DONDE
SE ESCONDE LA LIBERTAD
Te veo partir, aunque ya no lo entienda. Al
tiempo, escurre la lluvia por el cristal de mi ventana como se escurren mis
recuerdos. Como te escurres tú. ¿Y tú?, ¿ quién eres tú?, me pregunto. Pero
estas dudas tardan poco en disiparse: se van como la memoria, como el humo.
Sé que pronto vendrá alguien y ya no habrá ventana. Que
oiré sus voces, ¿será por cariño que me hablan? Que sentiré sus cuidados, el
calor de sus manos, la tibieza de unos besos asépticos: ya no me besan con
amor, éste todavía puedo distinguirlo. Y los hilos del compromiso mueven sus
labios.
Sé que mi ser es una carga de trabajo.
Igual que cada día, se empeñarán en sacarme de paseo
pero yo no quiero. Ellos no lo saben porque no me preguntan y no me preguntan
porque no respondo: ya lo he dicho, como el humo.

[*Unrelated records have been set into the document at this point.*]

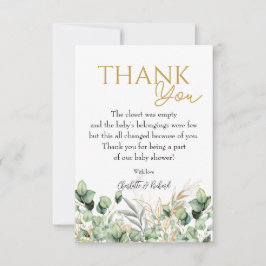 Eucalyptus Greenery Grönt Löv & Guld Baby Shower Tack Kort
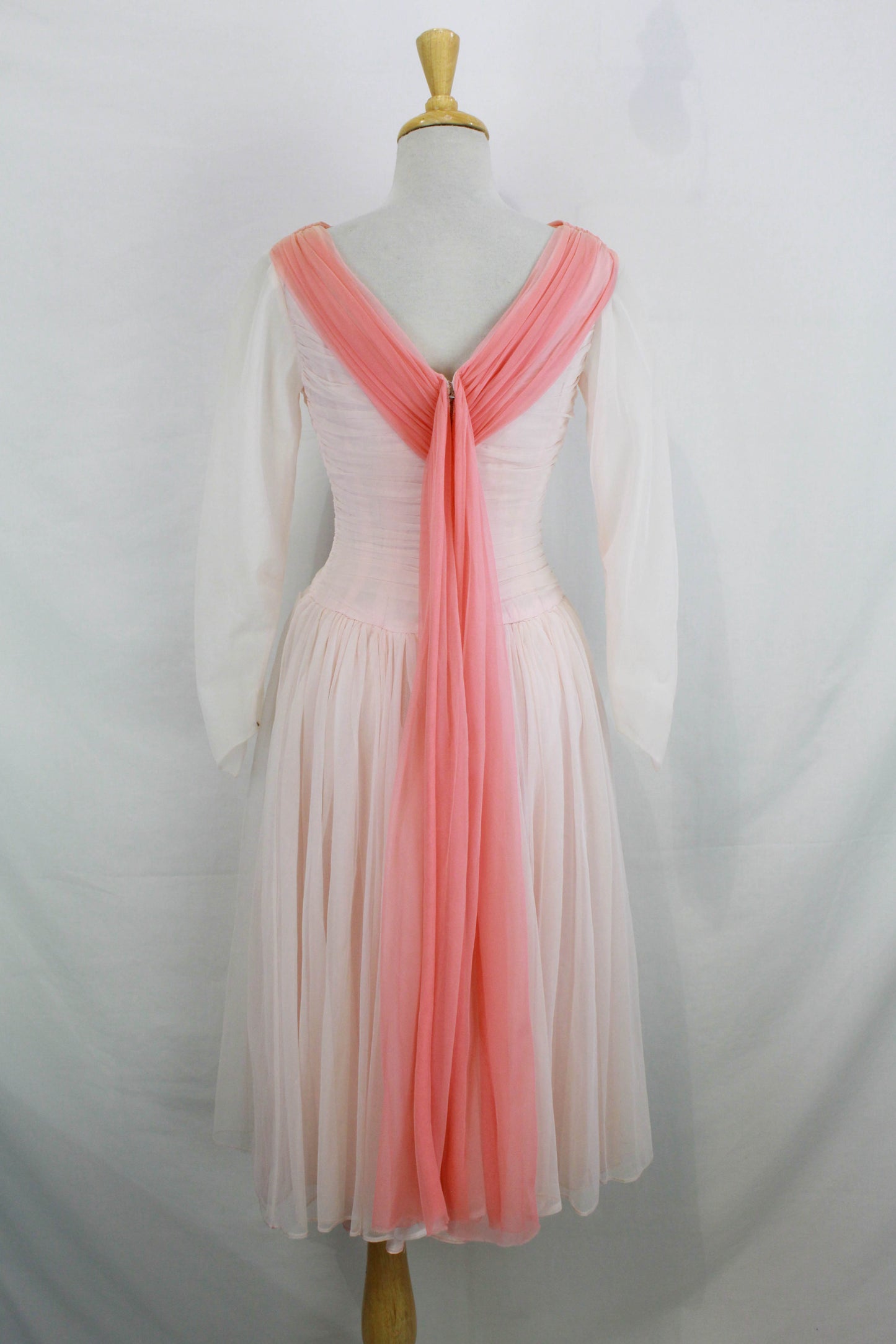 1950s Pale Pink Chiffon Gown with Contrasting Train, Vintage 50s Mid Century Party Dress Sheer Sleeves Full Skirt women's True Vintage Ian Drummond Vintage
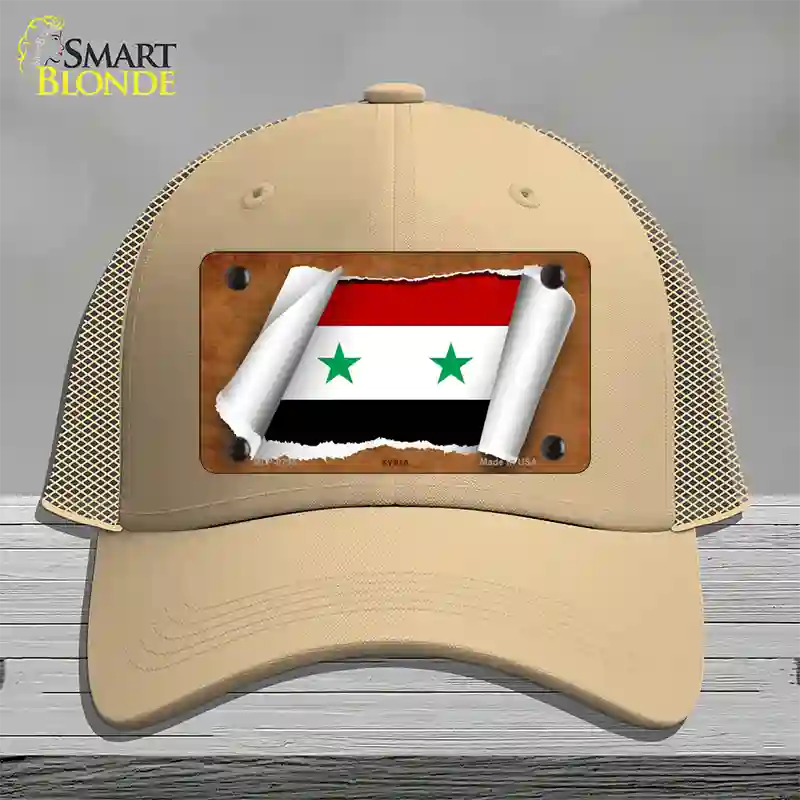 Syria Flag Scroll Novelty License Plate Hat Mesh / Khaki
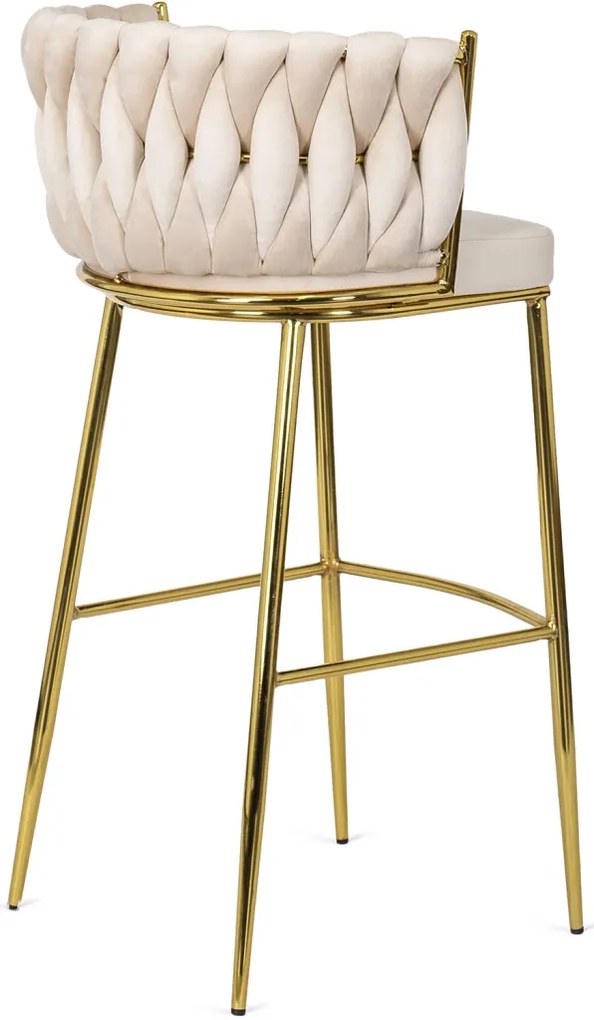 Elegáns Bárszék Bézs Bársony Kárpittal. FLORES 2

Me agarran fuertemente del brazo, me tiran, me
empujan. Que me dé el aire, dicen; pero yo no quiero. En realidad no quiero
nada. O ni quiero ni dejo de querer. Ya no veo la diferencia entre una cosa y
otra pues hoy en mi vida no caben distingos; y menos aún voluntades.
Mi voluntad se fue hace tiempo. Con mis ideas, mis
ilusiones, mis esperanzas... Todo se perdió en el mismo viaje hacia la
oscuridad total. Hoy mi mente es kilo y algo de requesón deshaciéndose en un
frágil recipiente óseo. Se pasó de fecha.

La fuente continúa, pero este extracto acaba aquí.